Overlaying Rooney’s painterly images were schematic fire insurance maps from a 1933-50 Somerville catalog. Once into the project, she said, “I became interested in making a deeper annotation of these residential structures.”
In the end, said Eve Blau, a GSD adjunct professor of architectural history, Rooney’s offbeat look at Somerville houses imparts “an incredible sense of discovery.”
In another instance, Robert Pietrusko, a GSD master’s student in architecture, used old video footage, archival interviews, maps, old posters, and a trove of zines to excavate a “Boston Musical Undercommons” — “rich historical moments,” he said, of a long-vanished Boston punk rock scene that was “sweaty, active, and aggressive.”
Peter McMurray, a graduate student in ethnomusicology, used maps, photos, interviews, street video, vintage film, and a videotaped car ride to explore Blue Hill Avenue and Dudley Street, which traverse racial fault lines between Mattapan and Milton.
McMurray invited everyone to “pile in other data,” a collaborative, interactive notion that informs media archaeology. It’s still scholarship, but it has some of the restlessness of the road.

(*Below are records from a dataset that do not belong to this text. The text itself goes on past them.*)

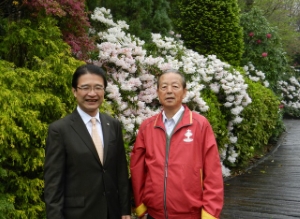 写真：ヒーサーの森のシャクナゲをバックに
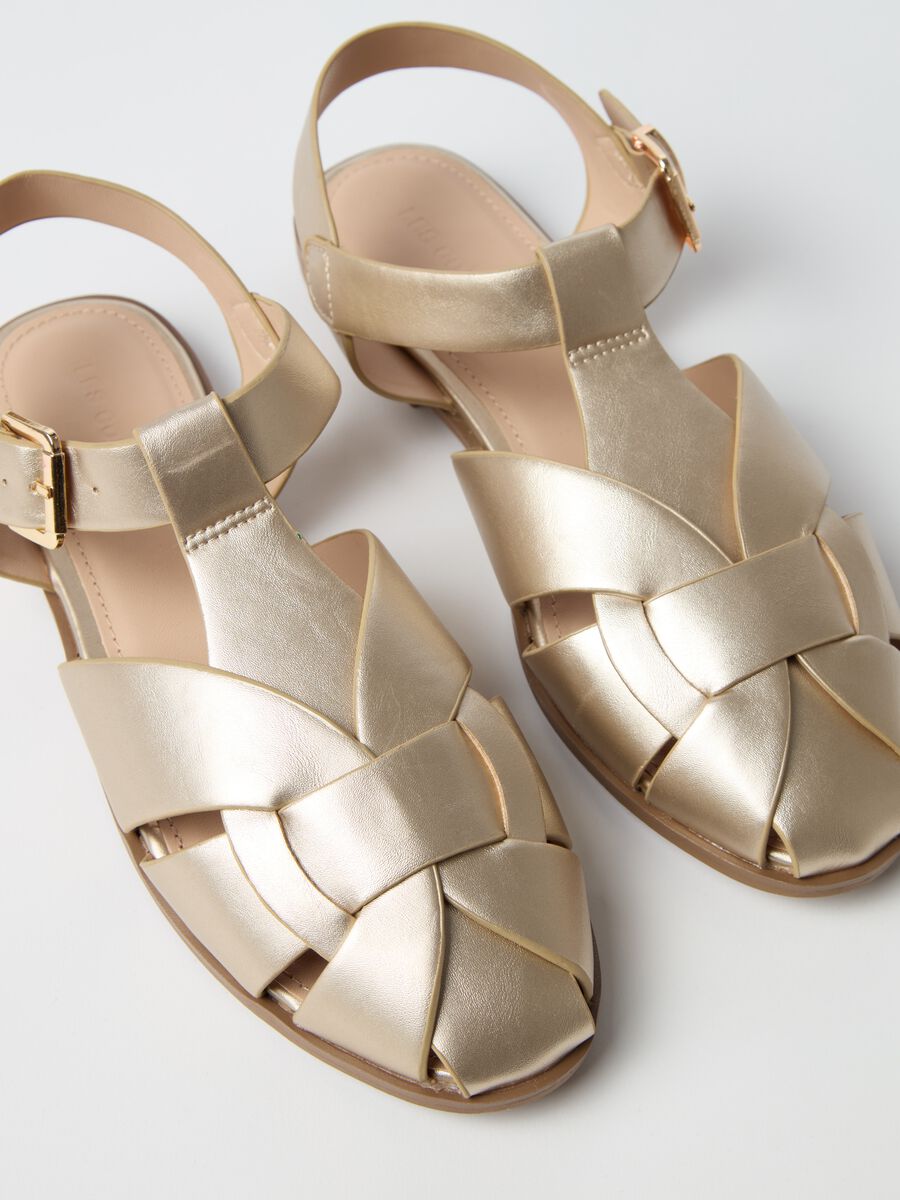 Flat sandals with round toe_0
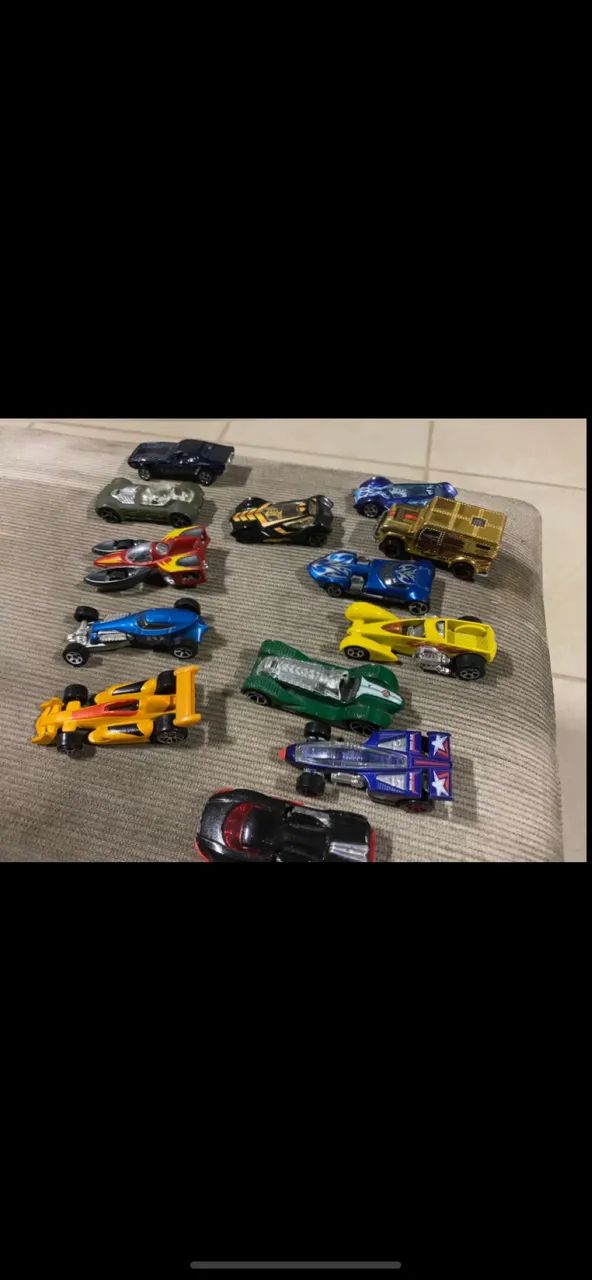 Carrinhos hotwheels  - Foto 2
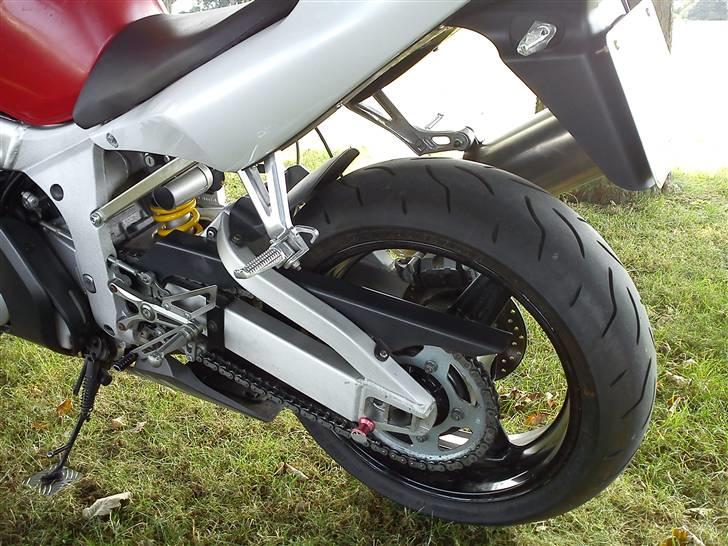 Yamaha YZF R6 *SOLGT* billede 11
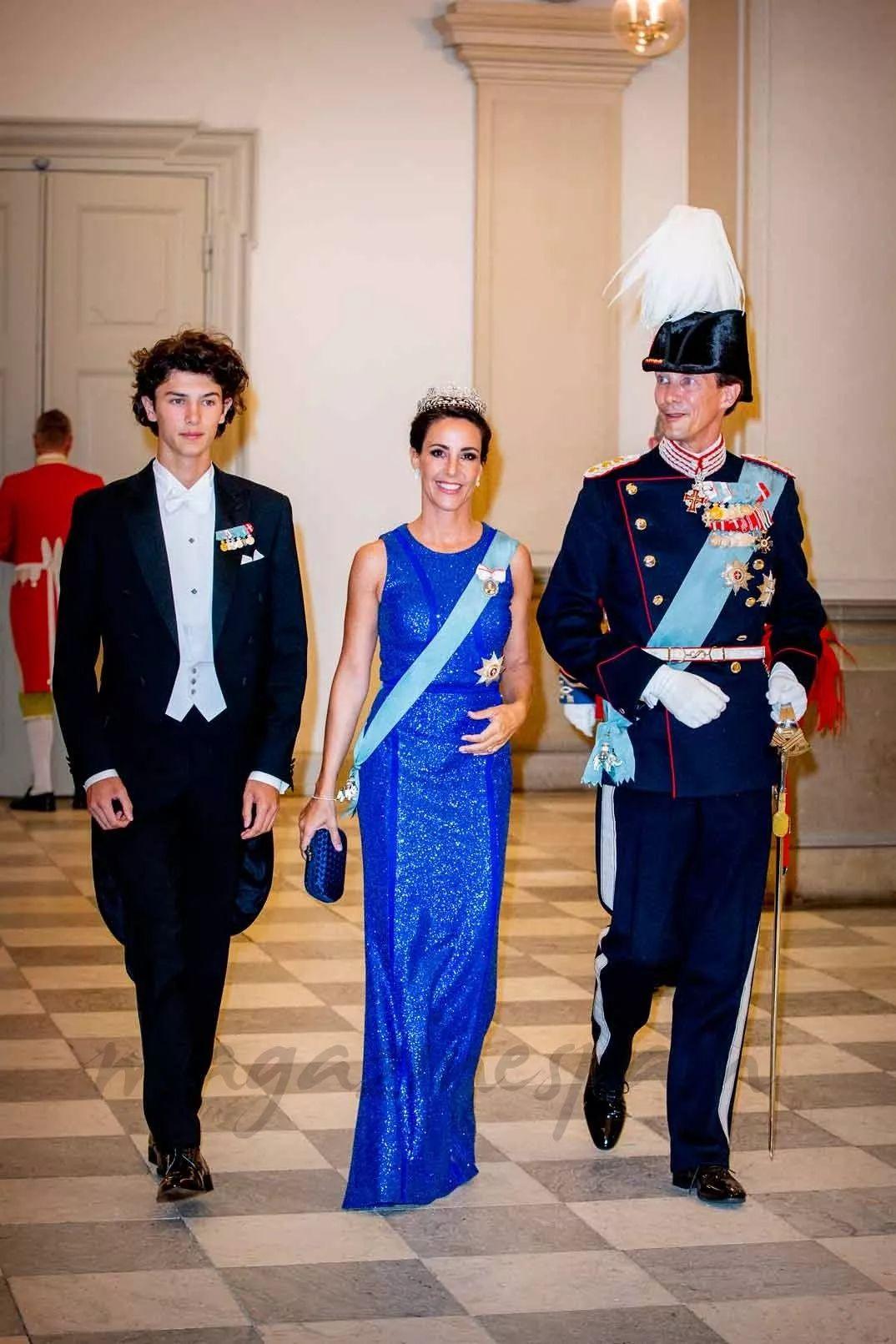 全球最帅王子18岁净身出户在上海打工赚钱生来是王子太惨了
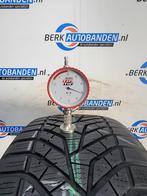 2x Yokohama Bluearth Winter V905 225/45 R17 94V 225/45/17 22, Auto-onderdelen, Banden en Velgen, Gebruikt, -, -, 17 inch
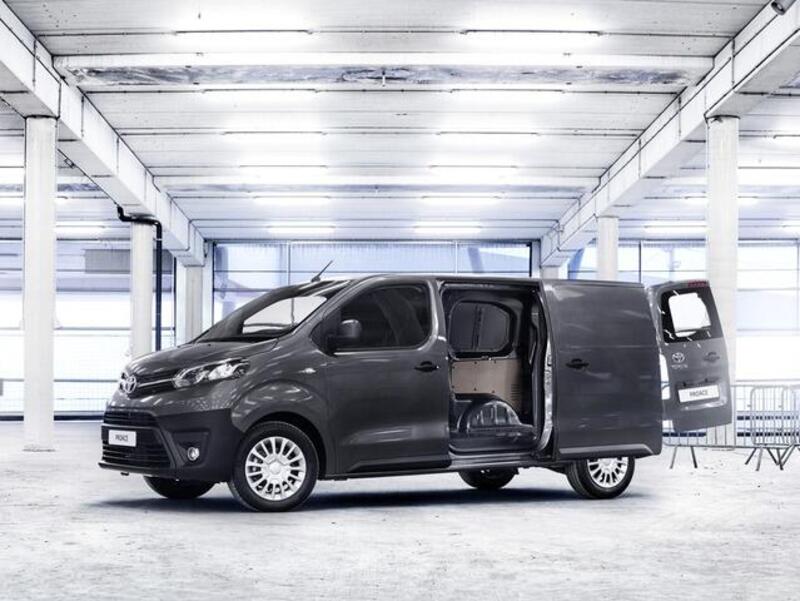 Toyota Proace 2.0D 144CV S&S PL-SL-TN Furgone Long 5p.14q Active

This semester, the same course themes will be expanded in GSD 3448, “The Mixed Reality City,” co-taught by Shapins and Burns, the economics student. Students will “excavate” Harvard Square, seeking how it has been recorded and represented in film, pictures, and other media. “The emphasis this time,” said Shapins, “will be on producing projects that use mobile devices such as iPhones to layer stories in physical space.”
Other signs of the same awakening to multimedia scholarship are evident on campus. On Feb. 10, the Humanities Center at Harvard will present “Digital Humanities 2.0,” a public conversation on the arts and humanities in the information age.
Listeners are invited to read a manifesto of the same name beforehand. “Print is no longer the exclusive or the normative medium in which knowledge is produced,” the document said. “Knowledge assumes multiple forms.”